Although the rule largely mirrors the proposed rule, five notable changes were made:

  1. Under § 9.4(d)(2), incumbent contractors must inform their employees (and collective-bargaining representatives, when appropriate) when a contracting agency has exercised its authority to exempt a contract from the non-displacement rule, and must do so within five days of the solicitation date for the follow-on award.  Under the proposed rule, contracting agencies were required to inform predecessor contractors' employees directly, and had until the award date to do so.
  2. Also under § 9.4(d)(2), if a contracting agency fails to ensure that a predecessor has informed its employees of the agency's decision to exempt the follow-on award, the agency's exemption is rendered inoperative.  This provision did not appear in the proposed rule.
  3. Under § 9.12(b)(1), successor contractors may use employment screening processes, such as background checks and drug tests, "only when such processes are provided for by the contracting agency, are conditions of the service contract, and are consistent with the Executive Order" on which this DoL rule is based.  This limitation did not appear in the proposed rule.
  4. In both the proposed and final rule, under § 9.12(c)(1)(ii)(A), contractors are not required to hire particular incumbent employees upon demonstrating a "reasonable belief" that the employee had not "performed suitable work" on the incumbent's contract.  In the final rule, the "credible information" that supports this belief must be written, whereas the proposed rule did not specify the format of such credible information.
  5. In a change that does help successor contractors, under the final § 9.12(e)(1) outgoing incumbents must provide a certified list of employees performing the incumbent contract at least 30 days before contract completion, rather than the 10 days required under the proposed rule.

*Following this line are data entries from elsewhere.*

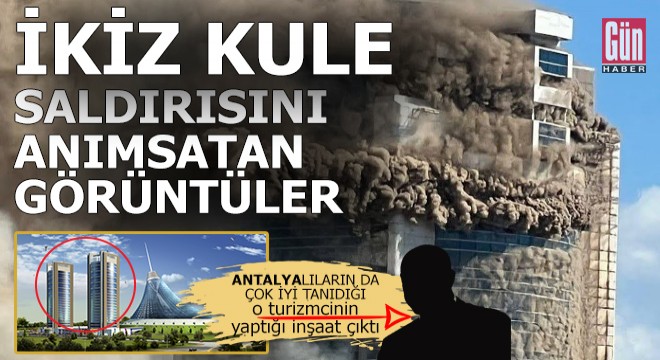 O inşaatı Antalyalıların da çok iyi tanıdığı bir isim yapmış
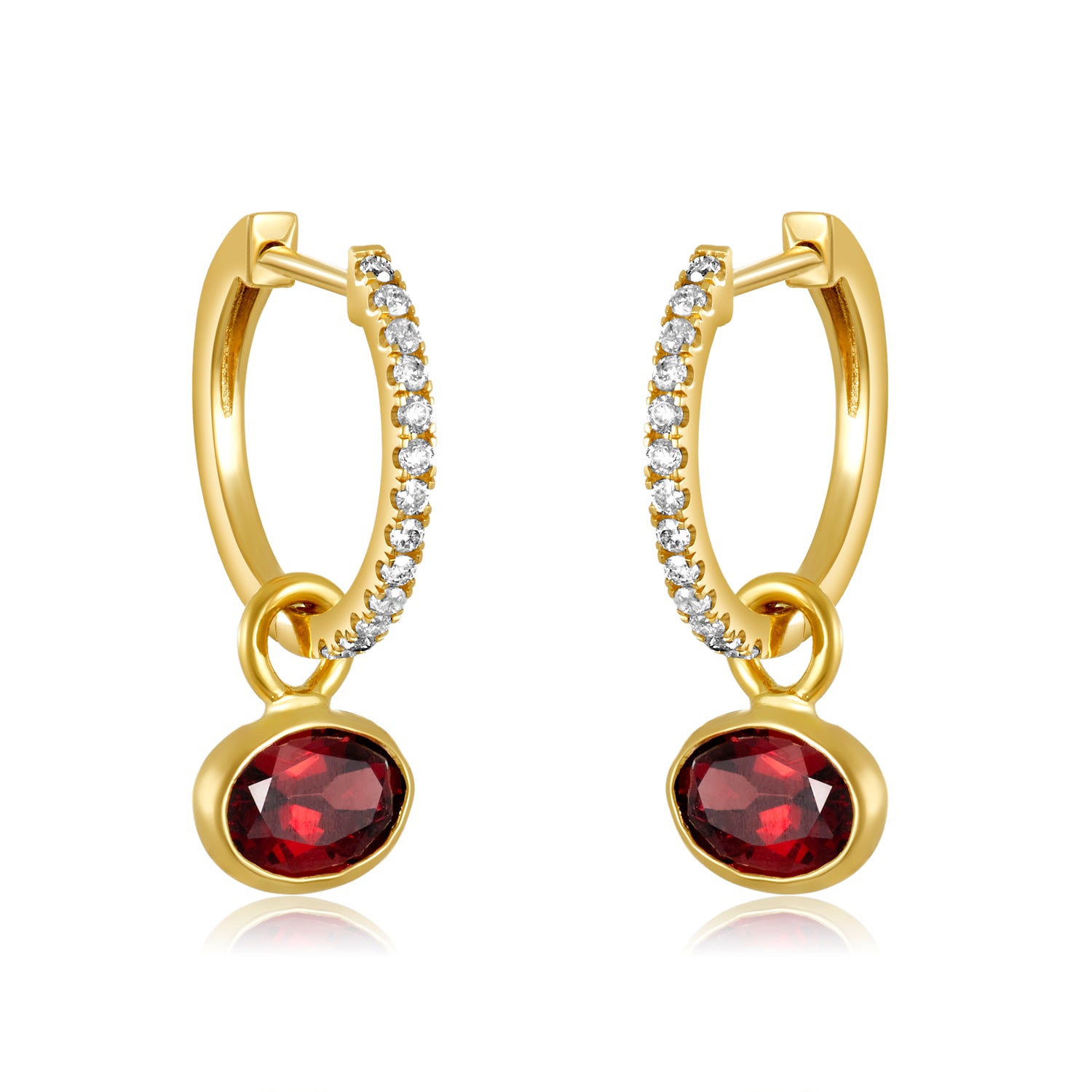 Gem Drop Diamond Huggers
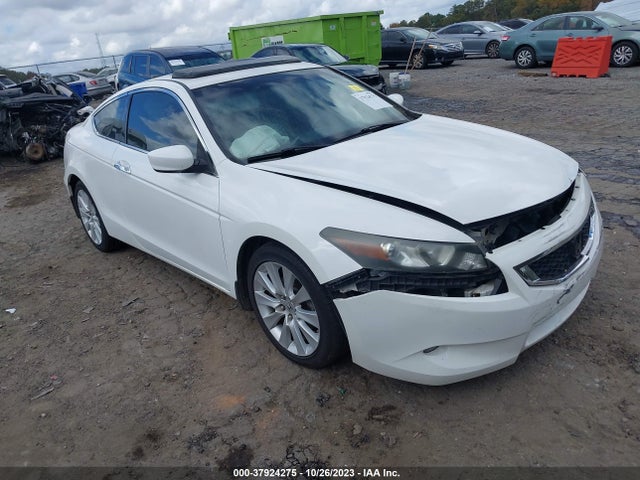 2009 HONDA ACCORD CPE EX-L VIN: 1HGCS22839A011749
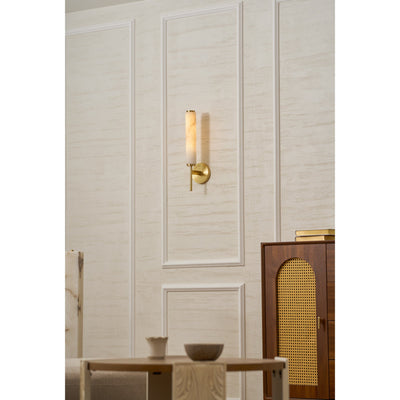 Orinley Alabaster Indoor Wall Light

Overall, the final non-displacement rule is largely unchanged and somewhat self-contradictory: to accomplish its stated goal of furthering "the Federal Government's procurement interests in economy and efficiency," DoL has imposed numerous administrative burdens on predecessors, successors and contracting agencies alike.  In the end, the rule is complex and contractors are well advised to work closely with competent counsel to analyze solicitations and contract provisions in order to determine how best to comply with these new obligations. 

The DoL's non-displacement rule will not take effect until the corresponding rule is issued by the Federal Acquisition Regulation (FAR) Council.